The craziest thing was going to visit Heritage (my old school) today. It’s unbelievable how going back to an old place can bring back such memories. I’ve never really experienced anything like that until today. Looking back I could honestly say that was one of the hardest years of my life. I moved there with a completely shattered heart, fresh out of a 2 year relationship with the man I thought I would marry. I lived in a basement apartment with 2 girls who were planning their weddings for the month after graduation and I had the only room with no window. I was taking 6 classes, doing 20 internship hours a week and waitressed 4-5 days a week. Those were some dark, dark nights and I was doing everything I could to not think about how crappy life was.

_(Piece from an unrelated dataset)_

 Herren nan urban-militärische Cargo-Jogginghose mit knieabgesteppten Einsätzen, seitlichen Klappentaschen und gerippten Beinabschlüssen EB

As I look back (they do say hindsight is 20/20), I’m pretty thankful for that year. I think of how far I’ve come since those days and feel so thankful for the way I’ve grown into who I am today. I truly do believe that God could take our brokenness or shattered dreams and make something beautiful out of it… I was reminded of how true that is today. I think our dreams often get shattered because there is something better out there for us that we probably can’t even fathom yet. There is so much we have to learn through those hard experiences, constant tears and sleepless nights- no matter what the situation is. Four years later I’m thanking God for shattering my dreams to give me the life I have today.

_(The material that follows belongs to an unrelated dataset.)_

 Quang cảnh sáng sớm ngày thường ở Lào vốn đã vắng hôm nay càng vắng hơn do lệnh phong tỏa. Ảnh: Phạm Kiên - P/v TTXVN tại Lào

This was some truth that got me through:
"I don't think the way you think. The way you work isn't the way I work."
God's Decree.
"For as the sky soars high above earth, so the way I work surpasses the way you work, and the way I think is beyond the way you think. Just as rain and snow descend from the skies and don't go back until they've watered the earth, Doing their work of making things grow and blossom, producing seed for farmers and food for the hungry, So will the words that come out of my mouth not come back empty-handed. They'll do the work I sent them to do, they'll complete the assignment I gave them.
Isaiah 55:8-11

1 comment:

Rosanna Tomiuk said...

Ya, babe. Same here. The most difficult time in my life is one I look back on with a sense of warmth. Dark nights, yes. But those very same nights took me from who I was to who I am...which is now somebody I really love.